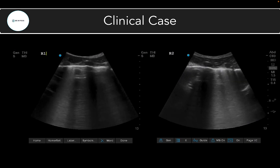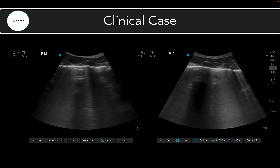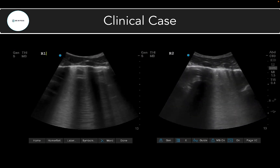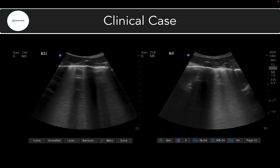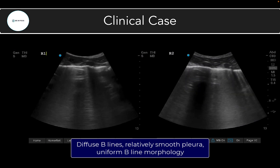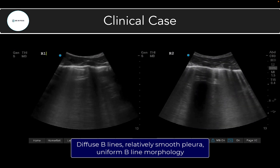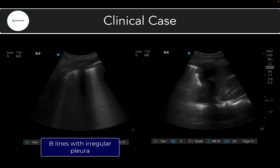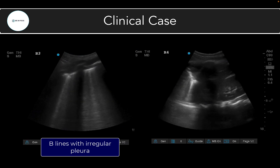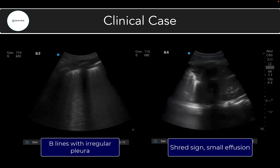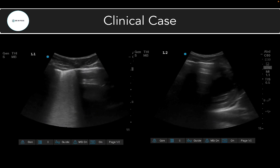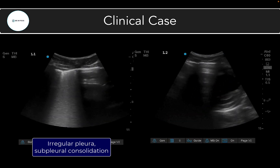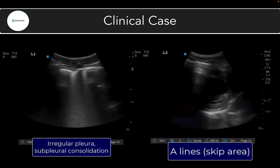Here's a quick case to illustrate these principles — clinical information is omitted intentionally to focus on the lung ultrasound findings. Looking at lung ultrasound clips from the right anterior chest (R1 and R2), we see diffuse B-lines across several rib spaces with a fairly smooth, uniform-appearing pleura, and the B-lines themselves also appear quite uniform. Moving to the right lateral chest (R3) and right base (R4): in R3 we still see B-lines, though starting to look less uniform across the rib space with some pleural irregularity. In R4 at the right base, we see a shred sign and a small pleural effusion.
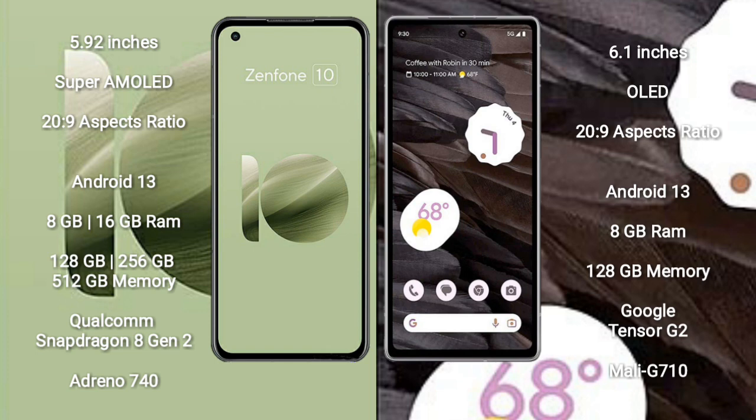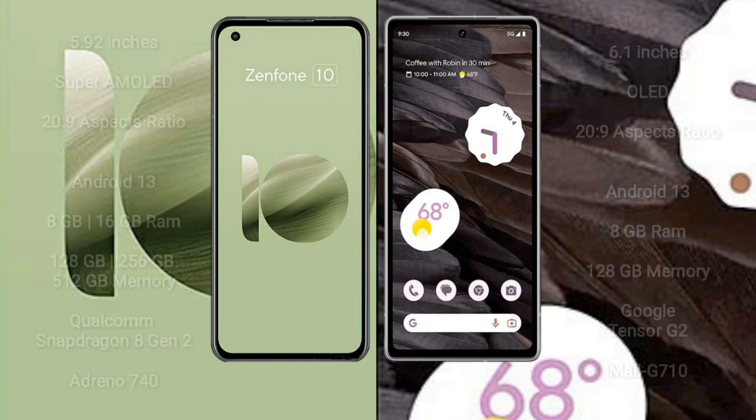Google Pixel 7a comes with 8GB RAM and 128GB internal storage. It has a Google Tensor G2 processor and Mali-G710 GPU.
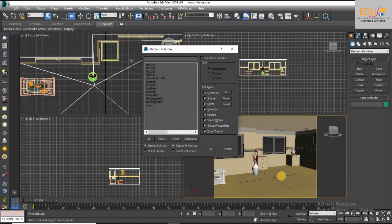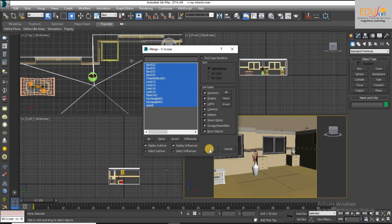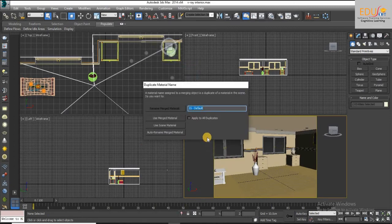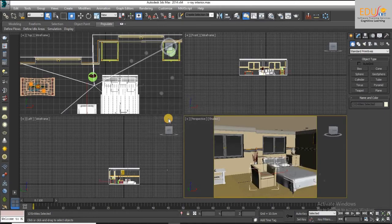The whole file will be merged into our file using all option. Same apply to all duplicate, use merge material.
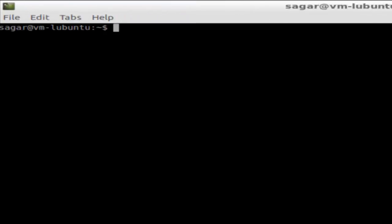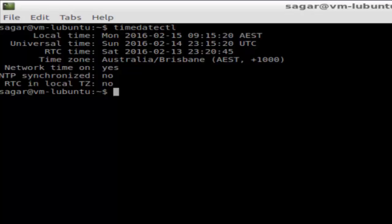In this video I'm going to explain how you can view your current timezone set in your system. Just open a shell terminal and type the command timedatectl, then hit enter. It will display all the details like local time, universal time, RTC time, and timezone.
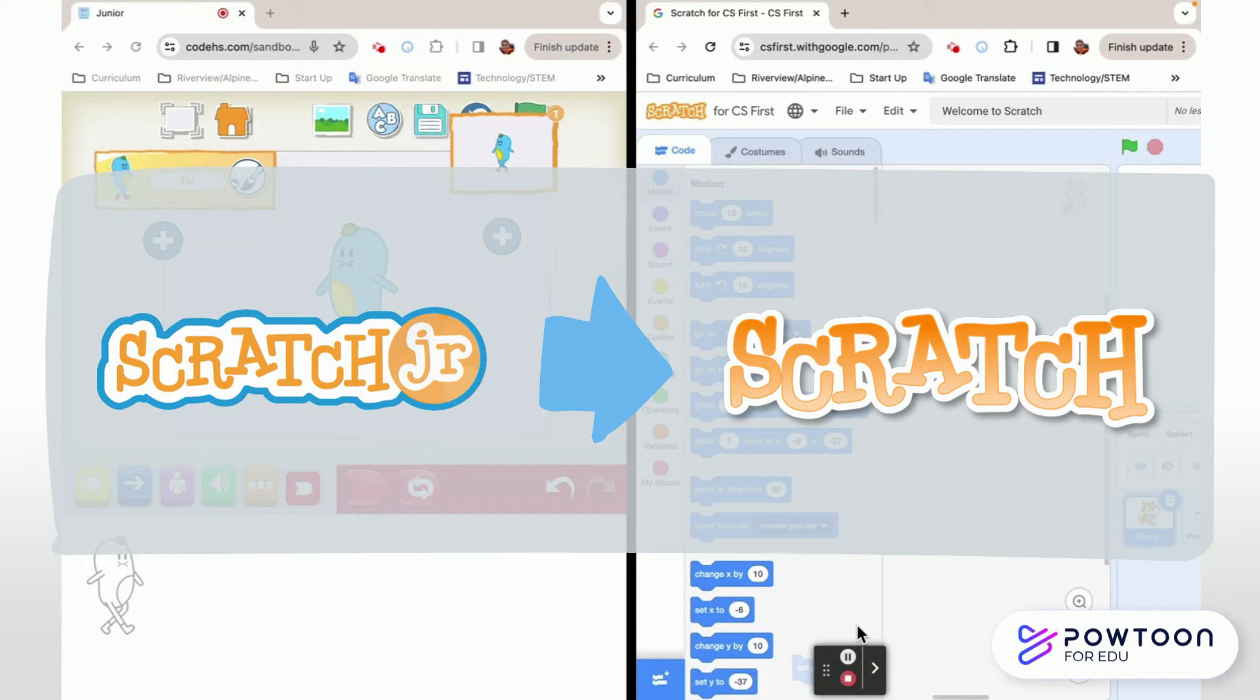Hey friends, as we go from Scratch Junior to Scratch, I wanted to put the two programs side by side so that we can talk about some of the differences and similarities between them.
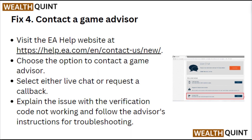Fix 4: Contact a game advisor. Visit the EA Help website. Choose the option to connect with a game advisor and select either live chat or request a callback. Explain the issue with the verification code not working and follow the advisor's instructions for troubleshooting.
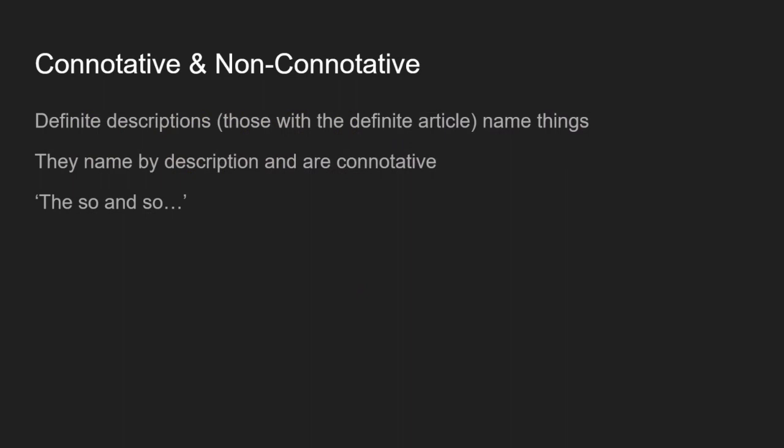So then there's a third kind of name which is sort of briefly touched on by Mill, and these are definite descriptions. So those with the definite article in grammar, the definite article is the, so the man, which could be used to name someone, and a man, which just means any man, it's still singular. And these definite descriptions are used to name things. They name by the description that comes after the, and so they are kind of connotative. So the so and so, the present king of France or something. And we'll talk more about definite descriptions when we come on to Russell a bit later. But for now, it's worth bearing in mind that in Mill's system, Mill names these as another kind of category of names that they can be.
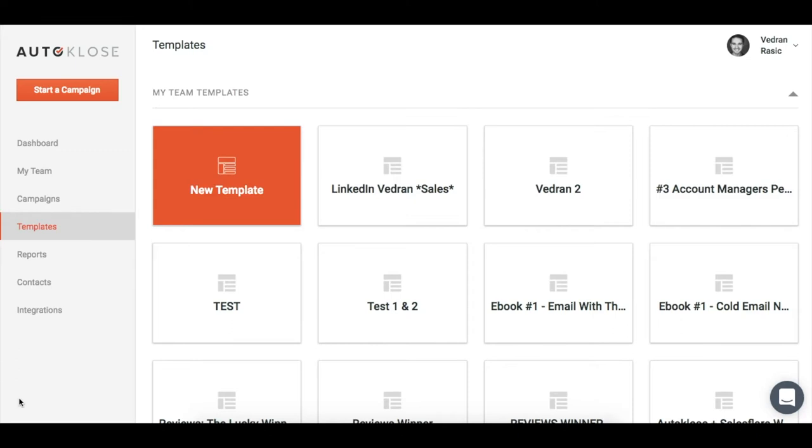Auto Close joined forces with Vidyard to bring you GoVideo, an easy-to-use webcam and screen recording tool. Now you can record and upload videos to your emails on the spot, directly from Auto Close templates or campaigns. In just a couple of moments, I'm going to show you how this amazing technology works.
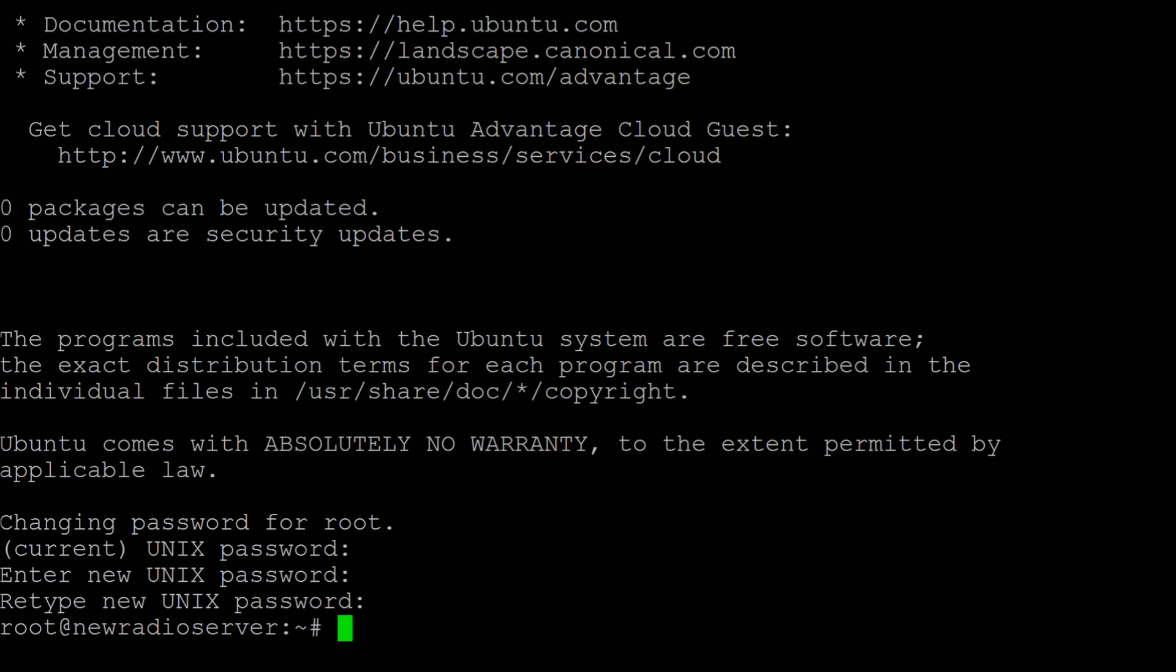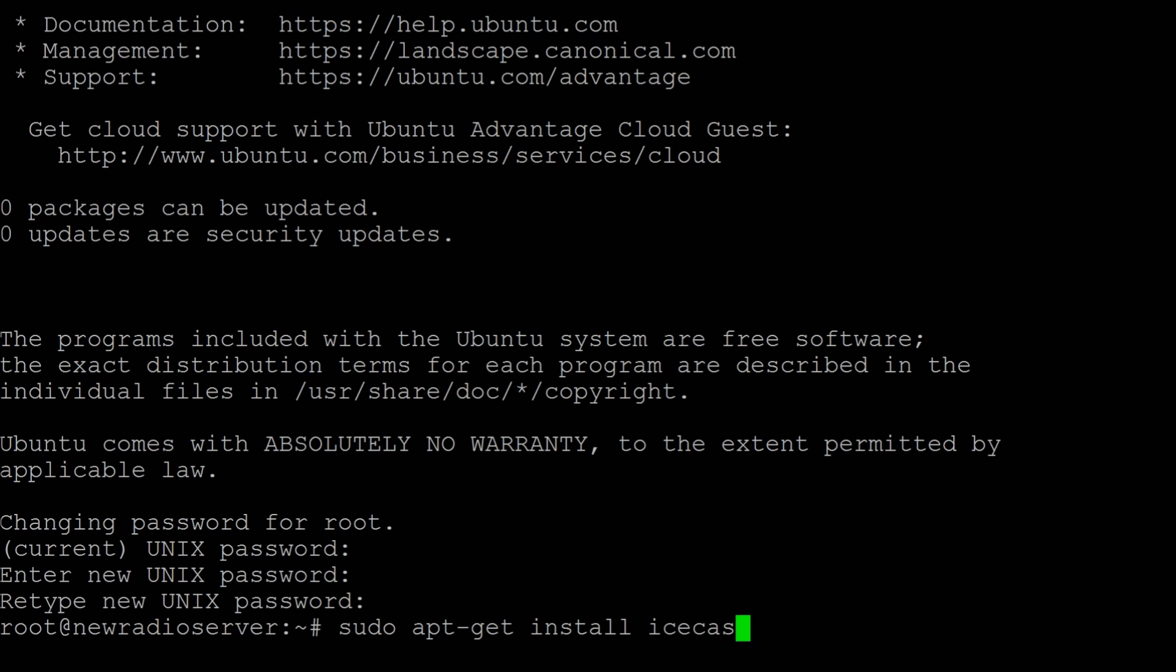And so now I have to enter the command to get IceCast installed on here. To install IceCast on here I'm going to type in, be ready for it. It is sudo apt-get install IceCast2.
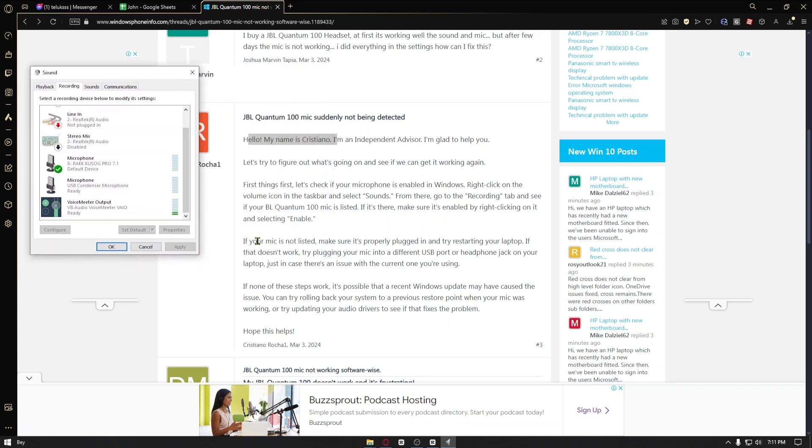For the second one, if your mic is not listed, make sure it is properly plugged in and try restarting your device.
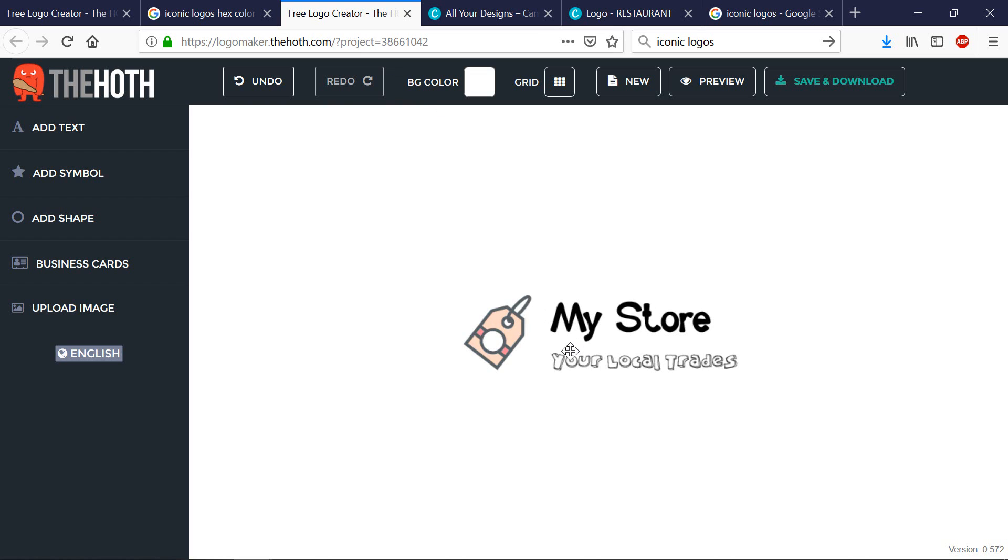It may be your first logo for your website. And if you have any questions, please don't hesitate to ask me in the comments and give this video a thumbs up as well. Thank you for watching.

============================================================

### Activity
Reproduce, without alteration and without pictures, only those lines that lie between the first line of the entries above and the line containing "Hey friends, as", both of them included.

### Output of the task
Here's a quick case to illustrate these principles — clinical information is omitted intentionally to focus on the lung ultrasound findings. Looking at lung ultrasound clips from the right anterior chest (R1 and R2), we see diffuse B-lines across several rib spaces with a fairly smooth, uniform-appearing pleura, and the B-lines themselves also appear quite uniform. Moving to the right lateral chest (R3) and right base (R4): in R3 we still see B-lines, though starting to look less uniform across the rib space with some pleural irregularity. In R4 at the right base, we see a shred sign and a small pleural effusion.
Google Pixel 7a comes with 8GB RAM and 128GB internal storage. It has a Google Tensor G2 processor and Mali-G710 GPU.
The whole file will be merged into our file using all option. Same apply to all duplicate, use merge material.
In this video I'm going to explain how you can view your current timezone set in your system. Just open a shell terminal and type the command timedatectl, then hit enter. It will display all the details like local time, universal time, RTC time, and timezone.
Hey friends, as we go from Scratch Junior to Scratch, I wanted to put the two programs side by side so that we can talk about some of the differences and similarities between them.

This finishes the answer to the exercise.